Unreliable, but I would never punish them with the cold. Especially for something so small: something that you could hold in your hands, or wear on your body: something that could be returned or compensated for: something that hurt no one.

The glass will bite through the skin of my knuckles. I'll think of your face, your glasses knocked to the ground. How I prefer your dog. And that will hurt. You, yes physically, but mostly me for wasting my time, for being so weak, and for starting a fight with my anxiety that I'll always loose.

And I'm falling down over cold pavement and looking around but no ones there. I can see the bus back home, just not the home I'm supposed to go to.

Saturday, December 18, 2010

Tonight:

It all changes.

Monday, December 6, 2010

Dogs/Mike Kinsella

I've always felt like Mike Kinsella was singing right to me.
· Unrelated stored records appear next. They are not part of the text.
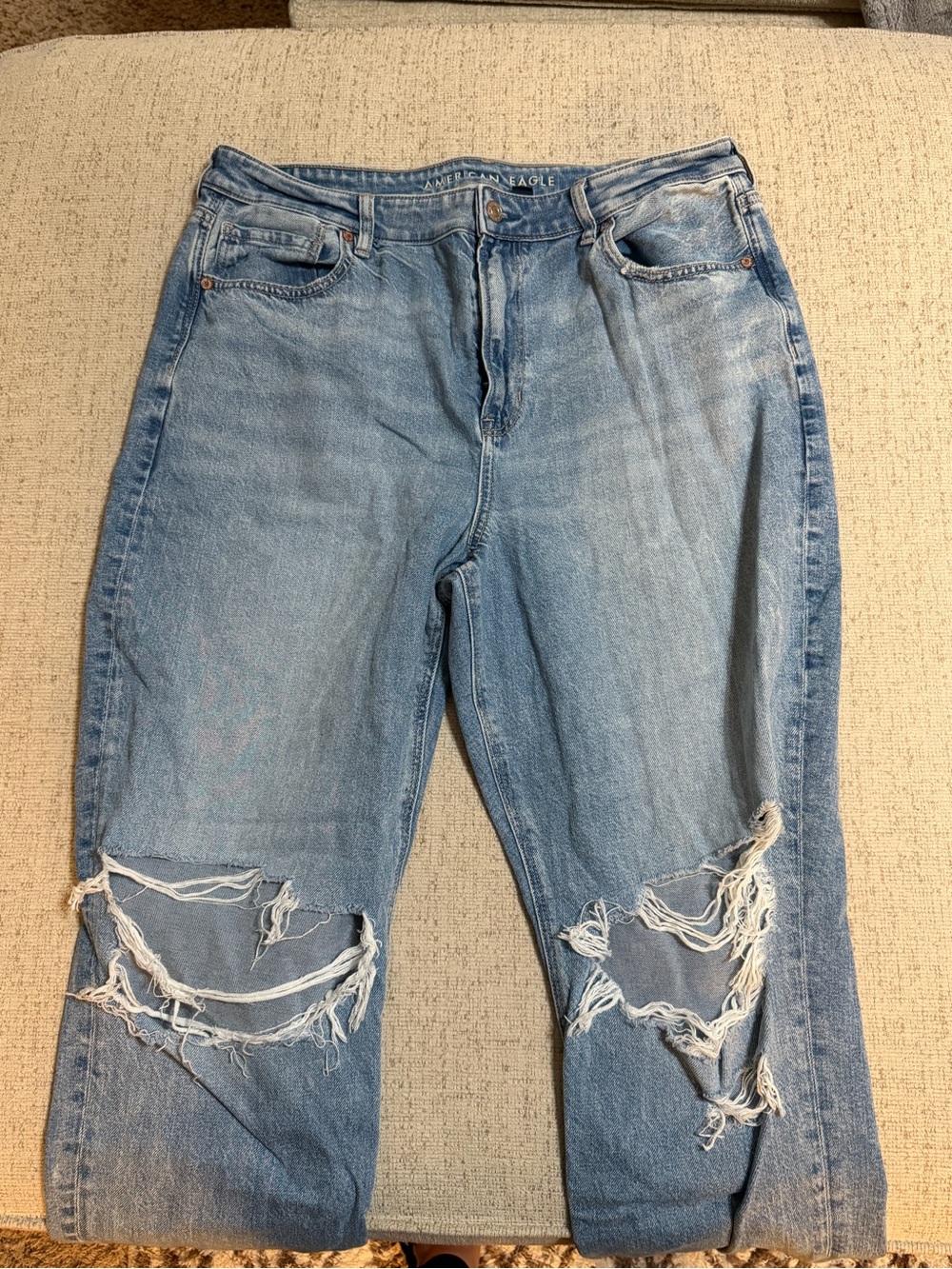 American Eagle Outfitters Light Blue Distressed Straight Leg Jeans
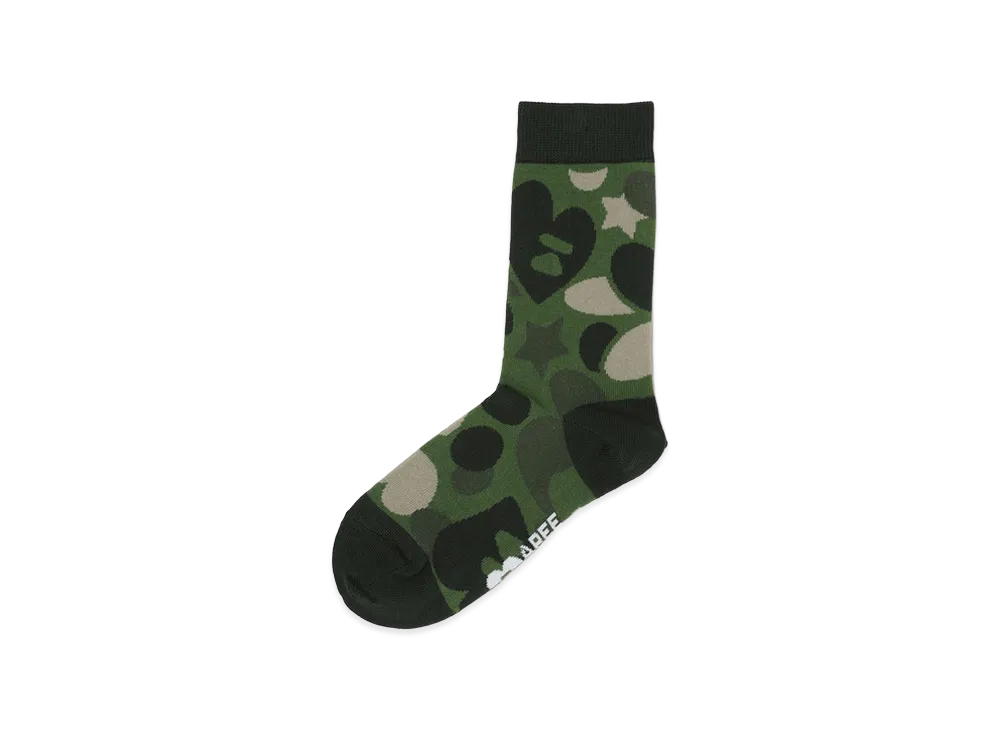 A BATHING APE Women's Camo Socks #1 "Green"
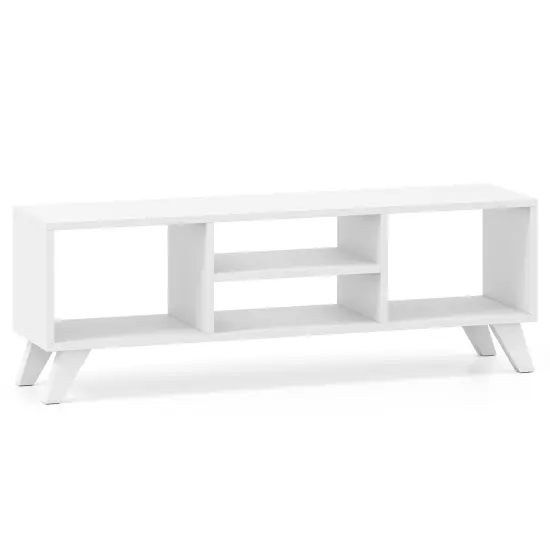 Engineered Wood TV Stand with Storage, Raised Legs, and Media Console {1}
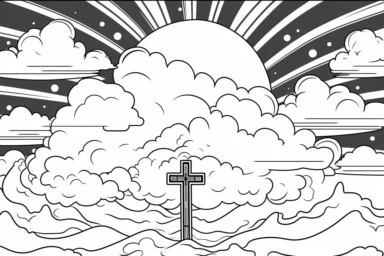 The Christian cross appears brightly in the background of the sky simplified lineart vector outline, clipart, coloring page style, svg cut file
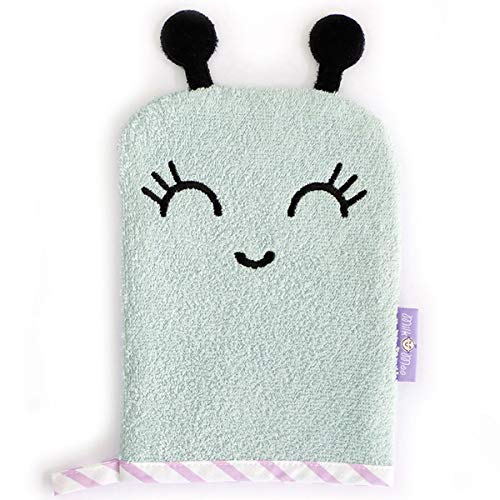 Milk&Moo Sangaloz - Manopla de baño suave para bebés y niños, esponja de baño, con certificado Oeko-Tex, 100% algodón, suave y divertida, color azul, a partir de 0 meses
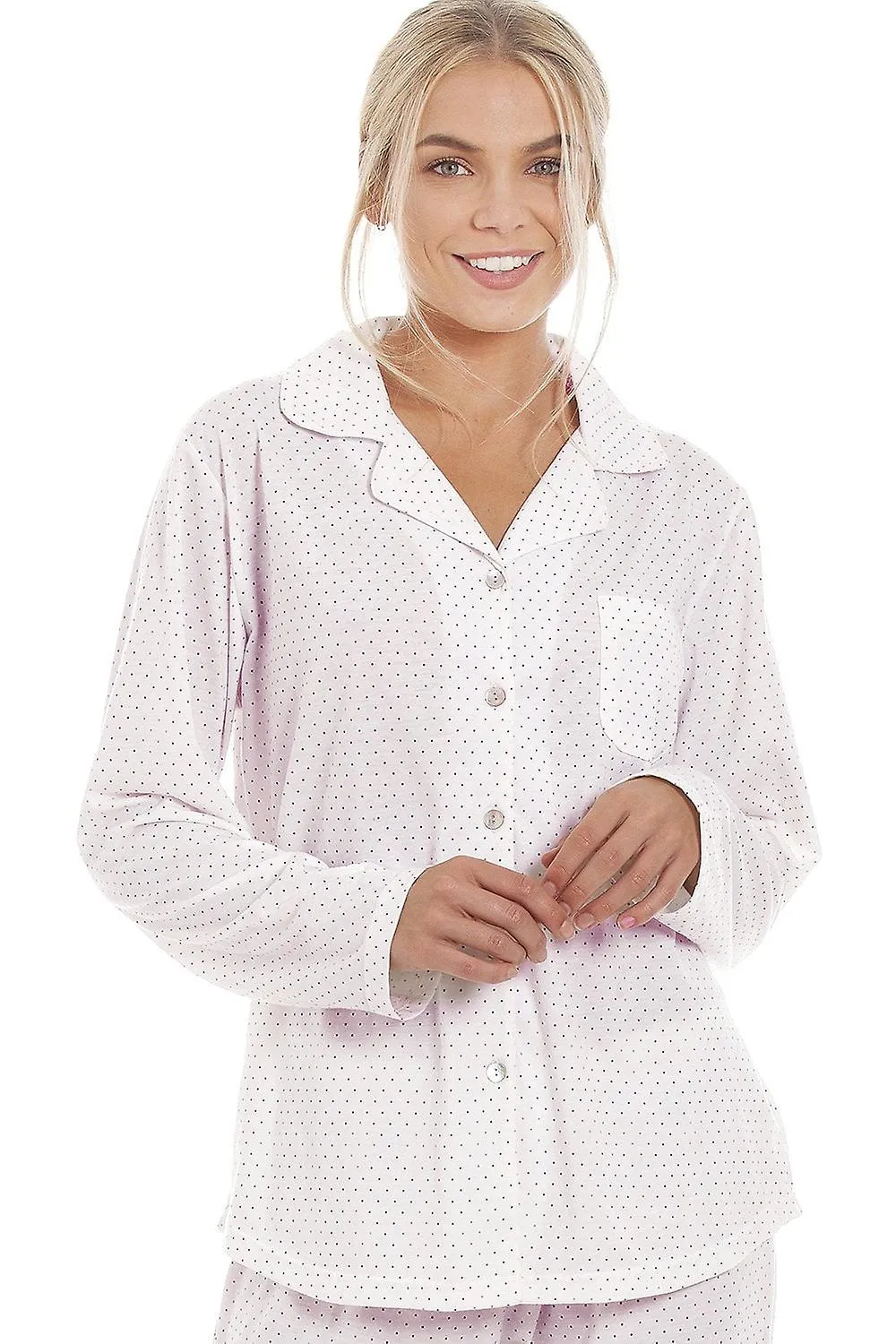 Women's Camille Pink & Grey Pin Dot Long Sleeve Polycotton Button Front Pyjama Set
Whether I was succumbing to sleep on a purple train back to Lowell, or trying to warm my toes driving through the Appalachian Mountains. You're much more attached to things like that back here. The mountains, I mean. They're always on the horizon, right behind the "bojangles" sign. There isn't anything real beautiful here. If I wanted to live somewhere beautiful, I'd move to West Virginia...or I'd just crawl back home with my tail between my legs.

There are things to look forward to though. Paychecks seem to warm my heart even though I don't really own anything or buy anything that doesn't end up in either one of our stomachs eventually. I always liked cooking and buying food. I look forward to singing again too. I look forward to making new friends.

I just don't stop thinking about snowflakes and how, even though its bitter cold here, we can't seem to get a day that isn't sunny. Living without a cell phone has been the most liberating thing I've done since I moved from Lowell. I'd like to latch on to a mover or a shaker but I'm at a standstill at a busy intersection with nowhere to go but back.

I wish I could text my friends that I miss them...just so they could text me back that they miss me too. That is the most selfish thing I want.

Tuesday, November 30, 2010

Sometimes I am a Big Dog

I hate it when you open up a little to someone and they tell you how it could be better. I do know it, I swear. I don't have anyone here to pull me out of an anxiety attack (or the bathtub in this case). I don't trust the people I like.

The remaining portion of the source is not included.